Insurance exists to mitigate risk; this is the cornerstone of our industry.
Insurers pool and redistribute risk to provide protection against unforeseen events, enabling individuals and organizations to pursue their interests with the added assurance that potential threats are covered financially. According to a new report from the Geneva Association, however, the very nature of risk is changing amid a shifting cultural, geopolitical, and environmental landscape, and insurers will need to adapt their traditional business model to keep pace.
If the past few years are any indication – and we expect they are – the rate of overall global change is only increasing. A worldwide pandemic, wars in Ukraine and Israel, record-setting temperatures, an economic slowdown, political instability, and the emergence of generative artificial intelligence have all highlighted the many systemic risks inherent to our fast-moving, interconnected world. With potentially even more turbulent times and widespread volatility ahead, systemic risks may test aspects of the traditional insurance business model of risk pooling and redistribution in some areas. The industry must be cognizant of such threats and take steps now to adapt services and develop protection products that best serve our customers’ current and future needs.
I encourage you to read the Geneva Association report, The Value of Insurance in a Changing Risk Landscape. RGA is a long-standing partner and supporter of the Geneva Association. We fully endorse the Association’s mission to advance the work of the insurance industry in building more resilient and prosperous economies and societies as we work to advance RGA’s own purpose to make financial protection accessible to all.

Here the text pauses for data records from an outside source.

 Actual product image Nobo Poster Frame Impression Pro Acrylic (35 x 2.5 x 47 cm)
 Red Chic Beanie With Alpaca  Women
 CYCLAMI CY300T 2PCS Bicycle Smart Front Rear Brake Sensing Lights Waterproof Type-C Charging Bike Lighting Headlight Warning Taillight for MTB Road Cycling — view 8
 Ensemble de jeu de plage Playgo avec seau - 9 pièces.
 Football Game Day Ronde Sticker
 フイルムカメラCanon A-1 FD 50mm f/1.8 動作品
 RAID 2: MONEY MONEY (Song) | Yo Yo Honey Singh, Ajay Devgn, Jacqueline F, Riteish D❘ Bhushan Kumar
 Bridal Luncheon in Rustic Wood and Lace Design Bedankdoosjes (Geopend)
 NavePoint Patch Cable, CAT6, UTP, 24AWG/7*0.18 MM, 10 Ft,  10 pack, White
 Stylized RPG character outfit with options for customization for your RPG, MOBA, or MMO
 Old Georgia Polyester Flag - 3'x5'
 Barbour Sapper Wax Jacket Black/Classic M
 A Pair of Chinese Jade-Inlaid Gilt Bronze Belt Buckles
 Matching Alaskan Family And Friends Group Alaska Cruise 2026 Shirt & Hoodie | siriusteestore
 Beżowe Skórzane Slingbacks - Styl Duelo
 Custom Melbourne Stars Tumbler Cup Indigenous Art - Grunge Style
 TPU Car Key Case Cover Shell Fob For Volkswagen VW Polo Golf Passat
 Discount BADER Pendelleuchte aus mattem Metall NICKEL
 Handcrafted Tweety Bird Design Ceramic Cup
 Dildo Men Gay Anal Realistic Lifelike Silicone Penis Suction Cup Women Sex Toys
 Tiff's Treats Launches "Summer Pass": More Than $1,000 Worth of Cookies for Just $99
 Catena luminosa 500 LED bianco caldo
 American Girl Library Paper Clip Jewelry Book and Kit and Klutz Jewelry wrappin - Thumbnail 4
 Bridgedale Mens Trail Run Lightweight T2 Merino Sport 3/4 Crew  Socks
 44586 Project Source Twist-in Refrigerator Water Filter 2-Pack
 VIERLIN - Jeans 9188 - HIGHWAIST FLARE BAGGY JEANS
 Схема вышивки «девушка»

Here are a few of the main takeaways from the report:
1. The risk landscape is changing.
Many emerging risks are increasingly systemic, a reality brought into focus by the COVID-19 pandemic, which affected virtually the entire world at the same time. As noted above, systemic risks can become so large and so widespread that they challenge insurance’s core mechanism of pooling and redistributing risk – the scale and cost of such risks can be too great for insurers to tackle alone. The global customer survey included in the Geneva Association report found that customers are particularly concerned about the future insurability of natural catastrophes (due to climate change), cyber risk, and longevity.
The report provides a framework for evaluating emerging risks and their future insurability, based on four categories: novelty of risks, changing characteristics of existing risks, knowledge gaps, and governance issues. It also explores tangible risks (human lives, infrastructure, etc.) vs. intangible risks (reputation loss, instability, etc.). The result is an approach that may prove useful for monitoring factors shaping the risk environment and those areas where insurance can bring value.
At RGA we have developed our own framework that integrates emerging risks into RGA’s strategy planning and review cycle. We rank emerging risks by frequency, impact, and velocity to develop a scorecard. A group of cross-functional experts partner with the business to build an understanding of these risks through a number of activities, such as pre-mortem exercises, surveys, and education sessions via an online forum for enterprise-wide collaboration and information sharing.